> Your instructions
Only one stretch of the data below is wanted: the lines from the one with "Black Obsidian Bead" through the one with "Scenography designed by", repeated exactly.

(Caption-style text data)
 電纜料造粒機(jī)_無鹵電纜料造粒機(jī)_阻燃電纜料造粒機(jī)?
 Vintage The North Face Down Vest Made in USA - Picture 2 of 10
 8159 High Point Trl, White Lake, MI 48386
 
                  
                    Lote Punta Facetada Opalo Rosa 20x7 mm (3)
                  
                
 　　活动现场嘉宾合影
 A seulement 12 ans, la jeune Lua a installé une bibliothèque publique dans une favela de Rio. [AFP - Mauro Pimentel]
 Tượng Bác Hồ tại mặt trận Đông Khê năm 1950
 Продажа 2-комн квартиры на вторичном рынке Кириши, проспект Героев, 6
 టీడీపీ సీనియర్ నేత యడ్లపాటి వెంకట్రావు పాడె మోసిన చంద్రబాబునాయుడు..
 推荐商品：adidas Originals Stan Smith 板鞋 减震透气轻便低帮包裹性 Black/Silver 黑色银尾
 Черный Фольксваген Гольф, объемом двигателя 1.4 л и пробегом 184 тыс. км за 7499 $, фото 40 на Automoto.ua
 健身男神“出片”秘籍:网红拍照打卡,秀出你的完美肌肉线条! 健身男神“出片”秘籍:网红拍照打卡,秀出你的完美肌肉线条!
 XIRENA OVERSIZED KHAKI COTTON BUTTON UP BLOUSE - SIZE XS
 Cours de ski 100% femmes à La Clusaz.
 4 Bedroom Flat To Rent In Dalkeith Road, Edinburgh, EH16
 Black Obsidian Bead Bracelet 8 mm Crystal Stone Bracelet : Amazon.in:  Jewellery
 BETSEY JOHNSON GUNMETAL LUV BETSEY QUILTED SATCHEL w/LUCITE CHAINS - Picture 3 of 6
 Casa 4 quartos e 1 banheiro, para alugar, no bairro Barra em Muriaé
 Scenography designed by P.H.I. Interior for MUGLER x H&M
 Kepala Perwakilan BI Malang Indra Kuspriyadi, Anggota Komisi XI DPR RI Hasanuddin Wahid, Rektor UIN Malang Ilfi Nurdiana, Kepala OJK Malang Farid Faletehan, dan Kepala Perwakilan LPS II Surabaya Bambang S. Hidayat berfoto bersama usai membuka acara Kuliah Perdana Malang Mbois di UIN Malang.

> Task output
 Black Obsidian Bead Bracelet 8 mm Crystal Stone Bracelet : Amazon.in:  Jewellery
 BETSEY JOHNSON GUNMETAL LUV BETSEY QUILTED SATCHEL w/LUCITE CHAINS - Picture 3 of 6
 Casa 4 quartos e 1 banheiro, para alugar, no bairro Barra em Muriaé
 Scenography designed by P.H.I. Interior for MUGLER x H&M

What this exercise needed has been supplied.